In order to feel less foolish, I had to atone for my sins. Isn't that what this whole sabermetrics thing is about, backing up your beliefs with evidence? So I said "gut, I'm sorry, but I need to fact check you." My gut responded favorably, but that's probably because I'd just eaten a peanut butter creme Oreo.
I examined the relationship between a player's swinging strike rate and the following metrics:
- Win Probability Added: Measures how much a player added to their team’s chance to win during the course of a season, taking into account both the leverages (inning, score, runners on base, number of outs) in which they batted and how well they did in the plate appearance.
- Win Probability Added / Leverage Index (WPA/LI): WPA without the leverage component. Unlike WPA, WPA/LI doesn't punish players for appearing in lots of low-leverage situations, nor does it reward players to bat in a lot of high-leverage situations. Players can't control the leverage of the situations in which they bat.
My hypothesis: players with high swinging-strike rates will have a lower WPA than players with low or average swinging strike rates. For context, Davis’ swinging strike rate of 15.48% ranks 20th-highest out of 1,607 players in this sample.
Unfortunately for my gut, the research shows swinging strike rate doesn't correlate well to either WPA or WPA/LI:
Swinging strike rate explains only 0.07% of the variance in WPA, or about 0.002 wins per year. That's a tiny number of wins.
The relationship isn't much stronger when you remove leverage from the equation. The r^2 between swinging strike rate explains only 0.0198 wins of WPA/LI per year. No one will notice this change in a player's WAR.

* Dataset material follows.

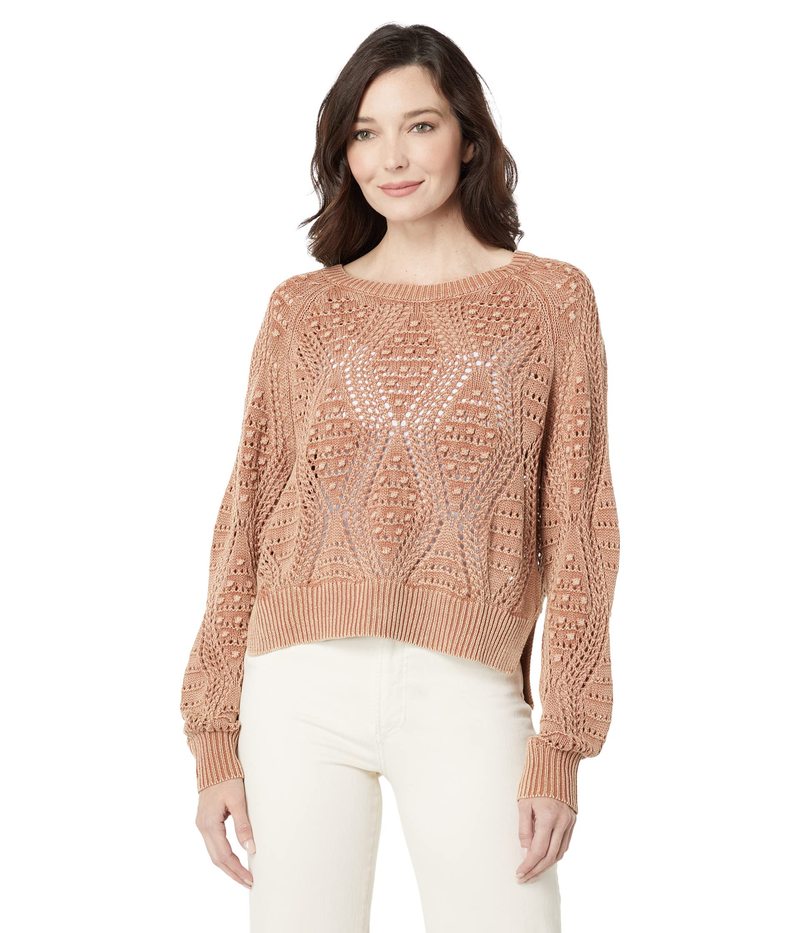 プレゼント ラッキーブランド レディース ニット セーター アウター Open Stitch Pullover Sweater Macchiato Acid Fucoa Cl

But r^2 isn't everything. The regression lines slope upward, indicating that as swinging strike rate increases, WPA and WPA/LI also increase. If you followed this model you'd want a player to swing and miss as much as possible, because the model says their WPA would be very high. But no one wants a batter to swing and miss ever, let alone "as much as possible".
That's why the plots look different if you focus on players with medium-to-high swinging strike rates:
The r^2 values remain weak. More importantly, these trend lines slope downward. Now the model says: if you swing and miss a lot, you're starting from a deeper hole than your peers who make more contact. You can still make a positive contribution, but you'll have a harder time doing so. There's the logical sense we are looking for.
A 2nd-degree polynomial fit of the original data shows this effect better:
While Chris Davis' swinging strike rate doesn't explain his WPA or WPA/LI, he should be careful going forward. If he swings and misses much more than he does now, he'll have a harder time contributing to the team.
Fortunately, Davis is a more complete player than just swinging and missing. He possesses tremendous power and mixes in a pretty good walk rate. These factors boost his wOBA, which correlates much better with WPA and WPA/LI:
The r^2 between wOBA and WPA is 0.64 (2.1 wins), and between wOBA and WPA/LI it's a whopping 0.82 (2.3 wins). Overall offensive prowess, as measured by wOBA, explains variance in WPA and WPA/LI much better than than swinging strike rate does.
These relationships hold up well for hitters in Davis' class:
In both cases, the regression models make logical sense. Have a high wOBA and you'll contribute wins to your team. Chris Davis should have a high wOBA. All is right with the universe.
I'm sorry, Chris Davis. I take back what I said. I won't grimace in frustration anymore when I see you bat in a high-leverage spot. I'll remind myself that you're a very talented baseball player who whacks the ball all over the yard, no matter the game situation.
But please don't swing and miss any more than you already do.